Religious liberty and the future of marriage
The Obama administration made the incoherent declaration last week that it will no longer defend in court a federal law it must enforce. And thus the Justice Department signaled the likelihood that injustices may lie on the landscape for a host of issues.
Starting with religious liberty and marriage law.
Robert P. George, perhaps the nation’s top Catholic scholar on marriage, described [U.S. Attorney General Eric] Holder’s defense of the administration’s position as “extremely worrying.”
He said Holder’s statement was “dripping with animus” against people who believe that marriage is “the conjugal union of a husband and wife.”
“He treats that belief as if it were a mere prejudice, as though it is motivated by a desire to cause harm to people,” George told CNA Feb. 24. “Of course, nothing could be further from the truth. It is a legitimate moral belief that has informed our law throughout history.”
The statement suggests to George the possibility that the Justice Department will “abuse its authority to suppress the religious liberty of people who dissent.”
“It raises the concern that the Justice Department will treat believing Christians, Jews, Muslims and others as though they are the equivalent of racists,” he warned…
George believes it is “imperative” for religious believers and those who support the traditional definition of marriage to defend their religious liberty. Believers should make clear to the Justice Department that they intend to fight any effort to restrict their liberty and their rights of conscience.
He said recognizing marriage as only between one man and one woman is “absolutely not” discriminatory in terms of constitutional law. He cited Justice Anthony Kennedy’s ruling in Lawrence v. Texas, a landmark 2003 case that declared laws against homosexual acts to be unconstitutional. That ruling, George said, has “no implications whatsoever for marriage.”
As Prof.
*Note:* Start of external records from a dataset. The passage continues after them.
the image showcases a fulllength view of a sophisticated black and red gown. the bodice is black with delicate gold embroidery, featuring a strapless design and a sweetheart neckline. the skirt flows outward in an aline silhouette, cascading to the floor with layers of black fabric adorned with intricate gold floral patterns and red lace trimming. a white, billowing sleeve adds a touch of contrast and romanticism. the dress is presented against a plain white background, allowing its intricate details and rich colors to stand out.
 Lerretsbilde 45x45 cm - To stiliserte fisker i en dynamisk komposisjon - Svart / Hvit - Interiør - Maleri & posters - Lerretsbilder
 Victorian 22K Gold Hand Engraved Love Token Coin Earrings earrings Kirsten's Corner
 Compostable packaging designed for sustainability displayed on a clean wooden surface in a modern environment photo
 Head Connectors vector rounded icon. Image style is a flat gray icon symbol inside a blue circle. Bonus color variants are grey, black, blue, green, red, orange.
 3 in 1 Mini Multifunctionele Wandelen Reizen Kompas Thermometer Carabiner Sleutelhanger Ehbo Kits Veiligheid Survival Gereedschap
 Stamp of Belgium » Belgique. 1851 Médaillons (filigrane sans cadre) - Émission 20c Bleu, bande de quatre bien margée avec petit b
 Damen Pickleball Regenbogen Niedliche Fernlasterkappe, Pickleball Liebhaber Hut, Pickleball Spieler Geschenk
George has pointed out to me on radio, emphatically, in 31 out of 31 times this issue has been put before the electorate in a vote, American citizens have upheld the traditional definition of marriage.
For George, these defeats for advocates of same-sex “marriage” explain why they are trying to prevent the issue from being decided in an election.
“If they really thought that the people were going their way… they would be out there ahead of us trying to get the issue on the ballot.”